Researchers use specialized software such as Quantum ESPRESSO and a variety of HPC software in conducting quantum materials research. Quantum ESPRESSO is an integrated suite of computer codes for electronic-structure calculations and materials modeling, based on density-functional theory, plane waves and pseudo potentials. Quantum ESPRESSO is coordinated by the Quantum ESPRESSO Foundation and has a growing world-wide user community in academic and industrial research. Its intensive use of dense mathematical routines makes it an ideal candidate for many-core architectures, such as the Intel Xeon Phi coprocessor.
The Intel Parallel Computing Centers at Cineca and Lawrence Berkeley National Lab (LBNL) along with the National Energy Research Scientific Computing Center (NERSC) are at the forefront in using HPC software and modifying Quantum ESPRESSO (QE) code to take advantage of Intel Xeon processors and Intel Xeon Phi coprocessors used in quantum materials research. In addition to Quantum ESPRESSO, the teams use tools such as Intel compilers, libraries, Intel VTune and OpenMP in their work. The goal is to incorporate the changes they make to Quantum ESPRESSO into the public version of the code so that scientists can gain from the modification they have made to improve code optimization and parallelization without requiring researchers to manually modify legacy code.
Electrical conductivity of a PDI-FCN2 molecule
One example of how Cineca used Quantum ESPRESSO to study a real device of promising scientific and technological interest is the electrical conductivity of a PDI-FCN2 molecule. This study was conducted by Cineca in collaboration with the University of Bologna and the National Research Council of Italy – Institute for Nanoscience (CNR-NANO).
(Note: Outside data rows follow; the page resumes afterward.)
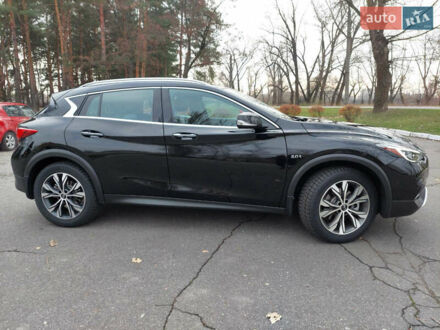 Черный Инфинити QX30, объемом двигателя 2 л и пробегом 150 тыс. км за 16500 $, фото 1 на Automoto.ua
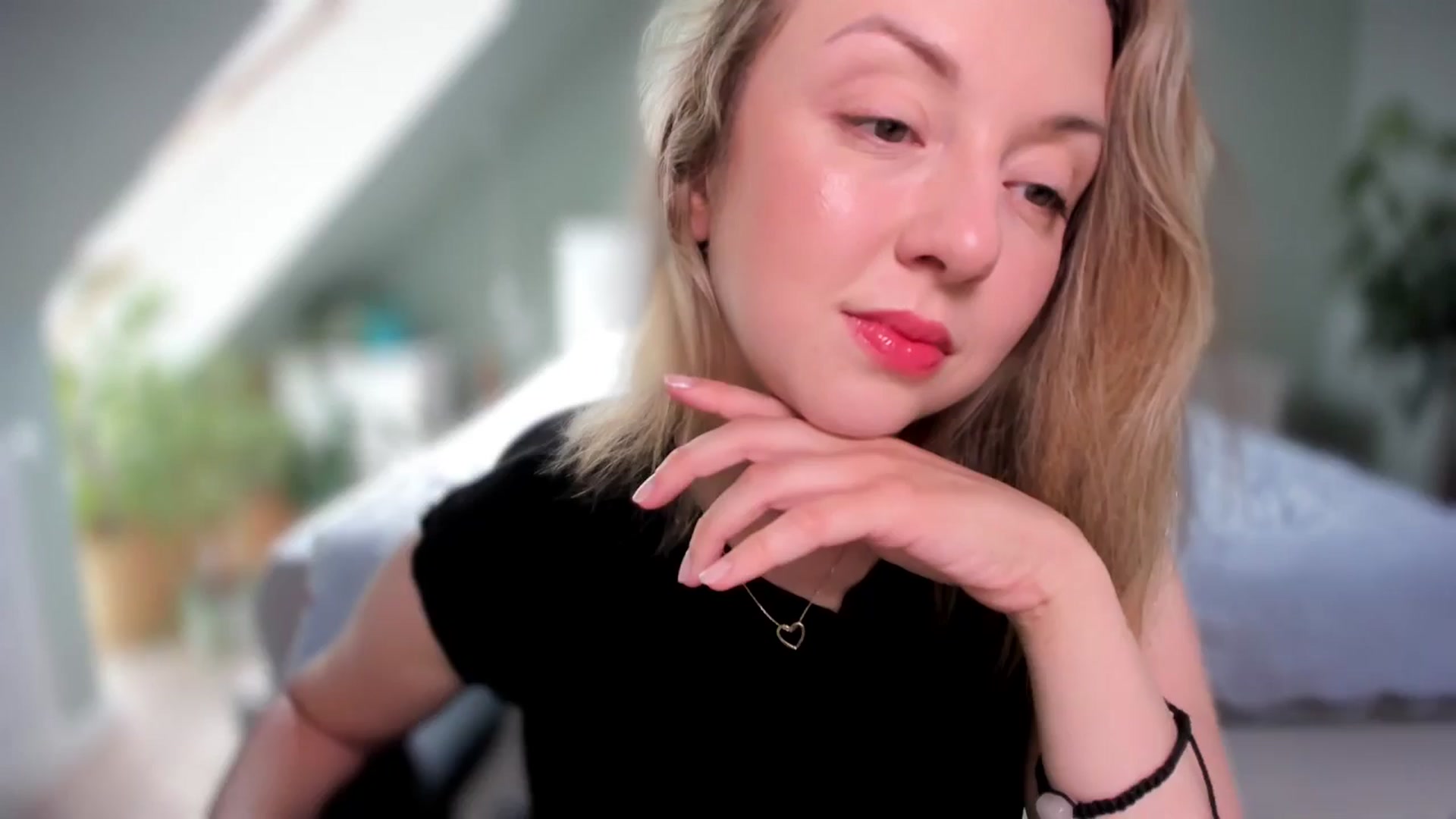 Gallery image thumbnail from AliceSmiley's myfreecams stream on, 06/14/2024, 11:15 image 1 of 20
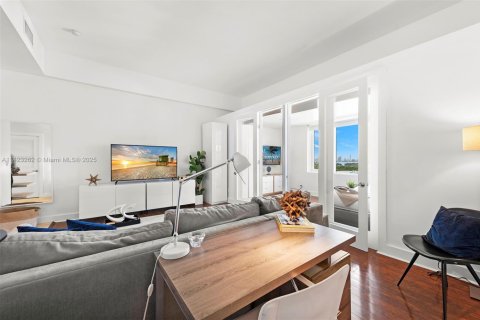 Condo in Miami Beach, Florida  № 2014054 - photo 15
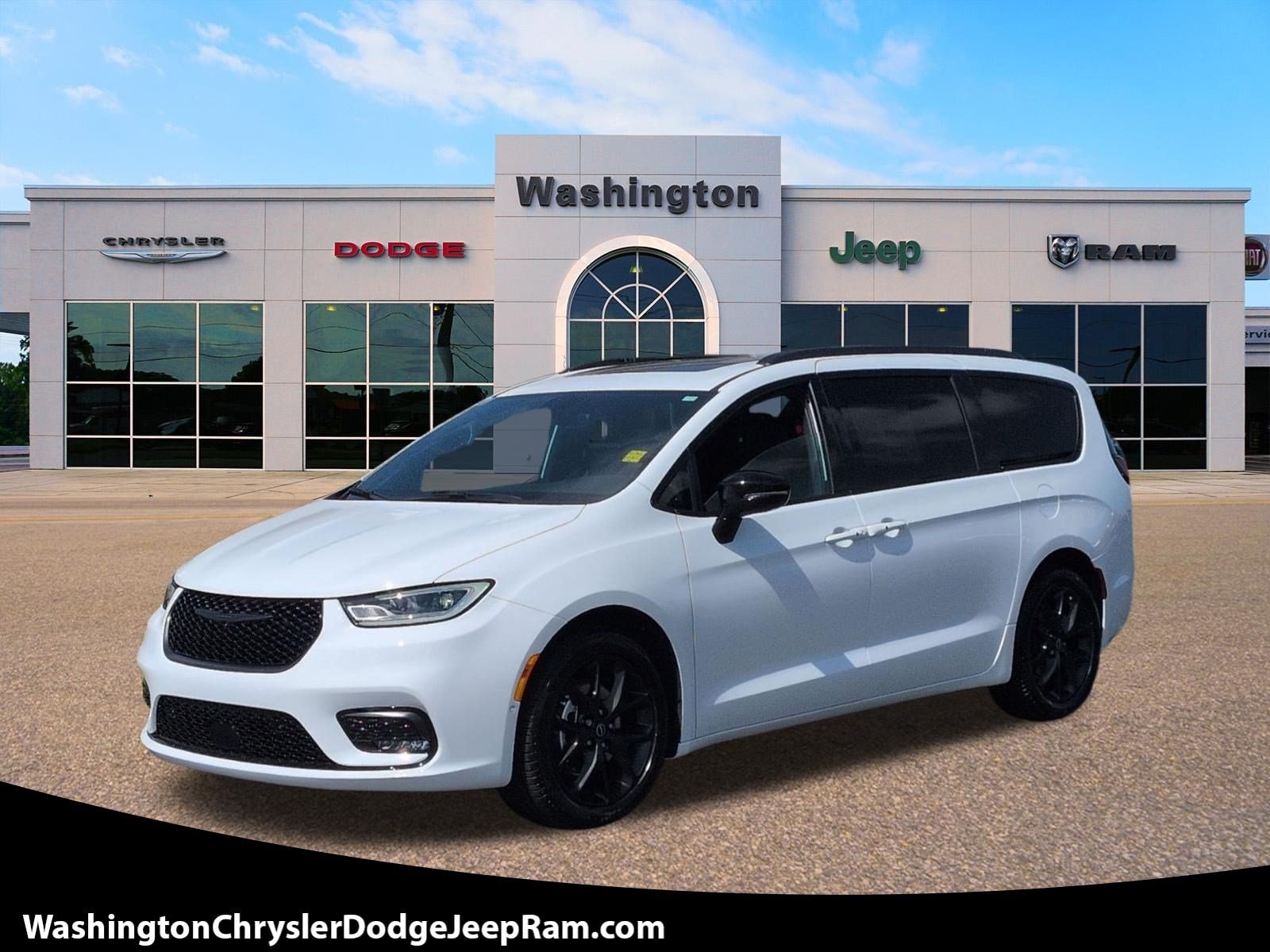 2026 Chrysler Pacifica Select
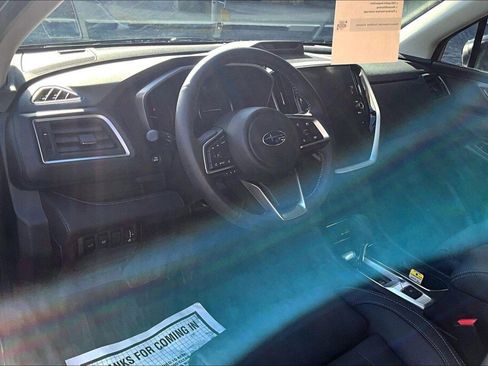 Certified 2025 Subaru Ascent Limited image 10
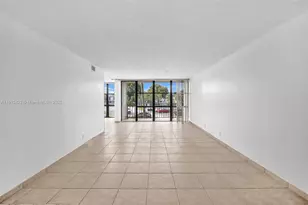 1000 Parkview Dr, Hallandale Beach, FL 33009 - Photo 9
The object of this study is a two-terminal device based on a PDI-FCN2, a molecule derived from perylene. This system is important for the study of the electron transport in single-molecule devices and the further development of a new generation of organic field-effect transistor (OFET). The simulated system is composed of two gold electrodes, each of them made by 162 golden atoms. Between the electrodes, there is a PDI-FCN2 molecule. The system is made of 390 atoms and 3852 electrons. The metallic nature of the leads also requires a fine sampling of the Brillouin Zone in the description of the electronic structure. This further increases the computational effort required to simulate this system. Figures 1 and 2 show the molecular structure and the results of the study.
- Read more: Speeding up Molecular Dynamics: Modified GROMACS Code Improves Optimization, Parallelization
The quantum mechanical solution of the electronic problem for such a huge system is a big challenge and it requires a large HPC computational infrastructure, like the one available at Cineca, and all the scaling properties of Quantum ESPRESSO.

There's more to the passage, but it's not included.